Austin-based Aalo Atomics and the US Department of Energy (DOE) have executed an Other Transactional Agreement (OTA) enabling faster deployment of the Aalo-X demonstration reactor. Aalo Atomics broke ground for its Aalo-X experimental extra modular nuclear reactor (XMR) at Idaho National Laboratory (INL), earlier in September. This came just two weeks after Aalo was selected by DOE to participate in President Trump’s Nuclear Reactor Pilot Program.

Aalo is intending to complete construction of Aalo-X and achieve criticality by July 2026. This is in line with Executive Order (EO) 14301, Reforming Nuclear Reactor Testing at the Department of Energy signed by President Trump in May to fast-track nuclear development.

Aalo said signing the OTA is a pivotal milestone which empowers Aalo to move “at the speed of business” while maintaining government oversight. The agreement entails faster execution, less bureaucracy, and a more streamlined approach to building Aalo-X.

“The OTA provides a flexible framework for public-private collaboration as we move into the construction phase of our first-of-a-fleet reactor at Idaho National Lab,” Aalo said. “We continue to be laser focused on bringing Aalo-X critical by July 4, 2026, to meet the goal outlined in Executive Order 14301…. This week’s finalised OTA will accelerate our efforts to hit this ambitious target.”

An “Other Transactional Agreement” is the same framework that NASA used to facilitate SpaceX’s path to commercialising space exploration. OTAs are ideal vehicles for public-private innovation because they are not classified as procurement agreements, and thus are not subject to certain laws and regulations that could hamper the momentum of demonstration projects.

The OTA means that Aalo is now an official DOE contractor and is no longer required to route contracts through INL. This simplifies project management and reduces regulatory burden. “The first step toward commercialisation is demonstration – what we call Goal 1,” Aalo noted. “This is Aalo-X and dry criticality, the initial controlled fission reaction.”

Aalo-X will be manufactured at Aalo’s 40,000 square foot pilot factory in Austin, Texas, before being transported to and installed at INL. “When Aalo-X achieves criticality next year, it will become the first new sodium-cooled reactor to start operation in the US in over four decades,” said Yasir Arafat, Cofounder and CTO at Aalo Atomics. He has said “the data and lessons learned from our pilot technologies are being fed back into our reactor design”.

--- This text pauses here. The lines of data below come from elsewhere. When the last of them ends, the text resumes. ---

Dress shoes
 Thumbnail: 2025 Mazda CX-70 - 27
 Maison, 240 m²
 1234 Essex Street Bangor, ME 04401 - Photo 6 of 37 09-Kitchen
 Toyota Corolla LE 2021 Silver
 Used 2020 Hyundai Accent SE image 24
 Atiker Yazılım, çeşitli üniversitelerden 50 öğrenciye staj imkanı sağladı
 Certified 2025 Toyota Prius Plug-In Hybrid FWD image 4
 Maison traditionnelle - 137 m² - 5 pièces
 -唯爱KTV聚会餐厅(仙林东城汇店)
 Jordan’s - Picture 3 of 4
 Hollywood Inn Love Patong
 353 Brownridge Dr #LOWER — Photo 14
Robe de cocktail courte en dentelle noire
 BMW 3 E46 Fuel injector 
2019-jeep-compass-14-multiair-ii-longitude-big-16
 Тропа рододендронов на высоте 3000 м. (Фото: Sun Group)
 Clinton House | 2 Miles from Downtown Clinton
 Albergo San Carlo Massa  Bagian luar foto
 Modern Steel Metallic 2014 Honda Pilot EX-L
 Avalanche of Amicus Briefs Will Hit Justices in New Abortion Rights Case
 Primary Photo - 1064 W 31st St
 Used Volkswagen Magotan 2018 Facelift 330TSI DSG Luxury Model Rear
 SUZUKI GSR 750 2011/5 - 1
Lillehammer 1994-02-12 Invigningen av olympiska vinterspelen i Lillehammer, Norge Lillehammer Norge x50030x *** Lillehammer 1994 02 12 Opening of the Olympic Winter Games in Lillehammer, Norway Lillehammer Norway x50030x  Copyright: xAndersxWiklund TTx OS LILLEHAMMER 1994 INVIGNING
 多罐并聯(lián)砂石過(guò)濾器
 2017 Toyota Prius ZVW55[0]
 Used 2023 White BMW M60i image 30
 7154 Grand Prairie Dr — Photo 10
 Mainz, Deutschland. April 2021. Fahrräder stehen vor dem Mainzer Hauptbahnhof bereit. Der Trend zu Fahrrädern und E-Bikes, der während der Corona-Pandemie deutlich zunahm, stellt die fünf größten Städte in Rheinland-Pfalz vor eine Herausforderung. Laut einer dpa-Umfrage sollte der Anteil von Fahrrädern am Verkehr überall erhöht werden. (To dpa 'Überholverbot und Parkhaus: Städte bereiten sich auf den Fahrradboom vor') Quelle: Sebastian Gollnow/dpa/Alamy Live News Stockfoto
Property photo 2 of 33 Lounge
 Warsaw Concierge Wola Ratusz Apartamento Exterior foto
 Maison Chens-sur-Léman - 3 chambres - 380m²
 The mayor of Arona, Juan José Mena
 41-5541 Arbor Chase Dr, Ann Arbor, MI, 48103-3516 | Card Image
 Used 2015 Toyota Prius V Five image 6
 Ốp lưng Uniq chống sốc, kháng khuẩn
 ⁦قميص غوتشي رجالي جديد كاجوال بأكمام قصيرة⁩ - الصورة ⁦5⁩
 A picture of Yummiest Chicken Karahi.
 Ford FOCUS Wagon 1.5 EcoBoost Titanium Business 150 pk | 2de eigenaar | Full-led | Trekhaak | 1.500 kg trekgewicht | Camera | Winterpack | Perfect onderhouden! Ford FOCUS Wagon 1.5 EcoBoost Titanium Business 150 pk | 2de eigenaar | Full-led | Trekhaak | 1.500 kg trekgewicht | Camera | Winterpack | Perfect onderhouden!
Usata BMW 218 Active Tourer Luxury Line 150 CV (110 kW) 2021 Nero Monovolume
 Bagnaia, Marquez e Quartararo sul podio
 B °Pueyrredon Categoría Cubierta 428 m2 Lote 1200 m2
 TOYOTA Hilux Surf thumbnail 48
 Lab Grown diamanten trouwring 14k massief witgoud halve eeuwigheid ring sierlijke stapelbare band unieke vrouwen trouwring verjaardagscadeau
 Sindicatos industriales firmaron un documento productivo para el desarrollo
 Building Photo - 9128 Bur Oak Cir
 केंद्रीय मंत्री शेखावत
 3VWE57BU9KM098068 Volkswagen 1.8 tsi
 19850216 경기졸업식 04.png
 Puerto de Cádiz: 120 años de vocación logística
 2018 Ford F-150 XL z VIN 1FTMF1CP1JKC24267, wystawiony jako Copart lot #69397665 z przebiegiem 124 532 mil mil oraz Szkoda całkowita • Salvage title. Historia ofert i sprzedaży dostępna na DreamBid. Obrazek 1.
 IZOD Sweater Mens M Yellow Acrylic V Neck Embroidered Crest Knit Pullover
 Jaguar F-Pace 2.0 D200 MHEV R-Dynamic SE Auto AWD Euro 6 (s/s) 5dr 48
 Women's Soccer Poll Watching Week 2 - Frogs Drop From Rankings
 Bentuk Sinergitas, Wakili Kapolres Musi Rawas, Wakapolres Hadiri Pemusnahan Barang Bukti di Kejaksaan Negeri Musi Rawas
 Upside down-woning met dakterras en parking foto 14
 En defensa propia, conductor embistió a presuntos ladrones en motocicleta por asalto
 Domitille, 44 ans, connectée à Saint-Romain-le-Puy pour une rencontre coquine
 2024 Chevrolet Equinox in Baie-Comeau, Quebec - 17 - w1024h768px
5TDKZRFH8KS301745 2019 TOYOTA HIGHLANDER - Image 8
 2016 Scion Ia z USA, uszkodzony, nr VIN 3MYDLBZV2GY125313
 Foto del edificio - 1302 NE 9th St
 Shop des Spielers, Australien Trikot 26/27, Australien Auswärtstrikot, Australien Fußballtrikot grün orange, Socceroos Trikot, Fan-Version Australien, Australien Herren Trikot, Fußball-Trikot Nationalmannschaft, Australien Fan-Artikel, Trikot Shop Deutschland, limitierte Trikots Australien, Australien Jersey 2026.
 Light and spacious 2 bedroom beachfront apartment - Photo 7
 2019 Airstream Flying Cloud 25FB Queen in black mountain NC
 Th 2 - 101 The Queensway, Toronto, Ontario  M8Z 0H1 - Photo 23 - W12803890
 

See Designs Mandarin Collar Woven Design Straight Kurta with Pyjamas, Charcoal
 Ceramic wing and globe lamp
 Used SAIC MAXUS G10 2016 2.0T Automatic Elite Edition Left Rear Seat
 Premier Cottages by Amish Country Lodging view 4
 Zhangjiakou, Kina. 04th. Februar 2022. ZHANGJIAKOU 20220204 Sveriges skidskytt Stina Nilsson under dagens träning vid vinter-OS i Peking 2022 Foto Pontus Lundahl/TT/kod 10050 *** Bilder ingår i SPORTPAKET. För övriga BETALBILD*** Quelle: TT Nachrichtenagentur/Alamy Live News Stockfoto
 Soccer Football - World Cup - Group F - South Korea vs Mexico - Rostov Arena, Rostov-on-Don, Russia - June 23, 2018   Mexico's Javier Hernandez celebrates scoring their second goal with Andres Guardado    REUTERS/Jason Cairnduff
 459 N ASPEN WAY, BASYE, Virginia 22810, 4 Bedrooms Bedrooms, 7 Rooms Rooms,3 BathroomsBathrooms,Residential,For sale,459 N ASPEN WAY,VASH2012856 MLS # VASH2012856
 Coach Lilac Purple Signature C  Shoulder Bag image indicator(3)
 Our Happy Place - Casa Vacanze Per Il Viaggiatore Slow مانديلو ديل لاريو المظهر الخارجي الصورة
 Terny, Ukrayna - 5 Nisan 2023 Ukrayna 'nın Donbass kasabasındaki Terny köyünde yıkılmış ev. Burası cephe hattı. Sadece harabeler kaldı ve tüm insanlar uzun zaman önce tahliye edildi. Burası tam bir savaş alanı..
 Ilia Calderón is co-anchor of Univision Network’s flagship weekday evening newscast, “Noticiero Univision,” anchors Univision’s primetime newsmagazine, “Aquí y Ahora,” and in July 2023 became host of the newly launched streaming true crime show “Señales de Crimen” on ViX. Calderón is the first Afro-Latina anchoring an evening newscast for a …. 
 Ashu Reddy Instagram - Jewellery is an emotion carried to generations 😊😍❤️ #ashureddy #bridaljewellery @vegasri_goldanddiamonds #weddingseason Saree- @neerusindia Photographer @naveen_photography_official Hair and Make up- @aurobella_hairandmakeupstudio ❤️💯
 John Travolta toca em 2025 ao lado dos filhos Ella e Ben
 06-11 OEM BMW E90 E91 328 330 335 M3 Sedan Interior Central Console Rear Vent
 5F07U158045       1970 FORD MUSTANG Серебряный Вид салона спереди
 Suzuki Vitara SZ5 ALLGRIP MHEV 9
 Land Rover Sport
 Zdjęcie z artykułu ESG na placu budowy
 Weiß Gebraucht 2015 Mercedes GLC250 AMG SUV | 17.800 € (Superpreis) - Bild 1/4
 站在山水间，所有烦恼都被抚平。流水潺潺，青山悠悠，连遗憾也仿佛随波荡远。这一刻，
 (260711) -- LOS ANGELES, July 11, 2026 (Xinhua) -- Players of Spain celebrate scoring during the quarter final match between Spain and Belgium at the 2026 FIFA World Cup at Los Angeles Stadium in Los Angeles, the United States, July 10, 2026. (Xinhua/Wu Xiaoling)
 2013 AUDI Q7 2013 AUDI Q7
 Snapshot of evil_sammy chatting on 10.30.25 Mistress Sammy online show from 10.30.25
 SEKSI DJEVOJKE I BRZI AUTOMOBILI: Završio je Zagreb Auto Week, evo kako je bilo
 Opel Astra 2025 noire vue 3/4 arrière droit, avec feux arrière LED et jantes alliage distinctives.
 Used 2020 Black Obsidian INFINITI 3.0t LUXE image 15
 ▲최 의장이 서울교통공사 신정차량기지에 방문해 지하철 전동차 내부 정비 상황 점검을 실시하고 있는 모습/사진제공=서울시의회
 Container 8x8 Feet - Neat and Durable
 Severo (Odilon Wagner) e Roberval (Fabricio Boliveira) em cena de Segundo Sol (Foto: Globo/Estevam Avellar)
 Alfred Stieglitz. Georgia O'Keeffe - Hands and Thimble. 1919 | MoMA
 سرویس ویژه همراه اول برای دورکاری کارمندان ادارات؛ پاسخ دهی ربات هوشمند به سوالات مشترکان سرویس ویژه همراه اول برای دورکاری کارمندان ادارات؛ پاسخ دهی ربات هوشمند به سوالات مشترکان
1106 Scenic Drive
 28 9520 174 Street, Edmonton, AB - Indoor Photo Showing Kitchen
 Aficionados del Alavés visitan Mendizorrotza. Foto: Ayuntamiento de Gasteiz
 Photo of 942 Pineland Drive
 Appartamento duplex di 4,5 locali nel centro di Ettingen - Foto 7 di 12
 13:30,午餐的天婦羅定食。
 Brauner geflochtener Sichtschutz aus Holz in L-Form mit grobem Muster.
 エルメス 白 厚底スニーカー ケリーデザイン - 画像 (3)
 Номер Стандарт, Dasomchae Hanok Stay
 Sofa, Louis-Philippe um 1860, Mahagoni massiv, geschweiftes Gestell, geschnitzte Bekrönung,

However, Arafat offers virtually no information about the reactor itself referencing only a “sodium-cooled reactor”. However, all the earlier examples of reactors cited by Arafat are fast neutron reactors, indicating that this may be the intended design. In May 2024, Aalo said it had completed the conceptual design of the Aalo-1 but gave no detail. Fast reactors are complex facilities and going from conceptual design to criticality in two years seems unlikely.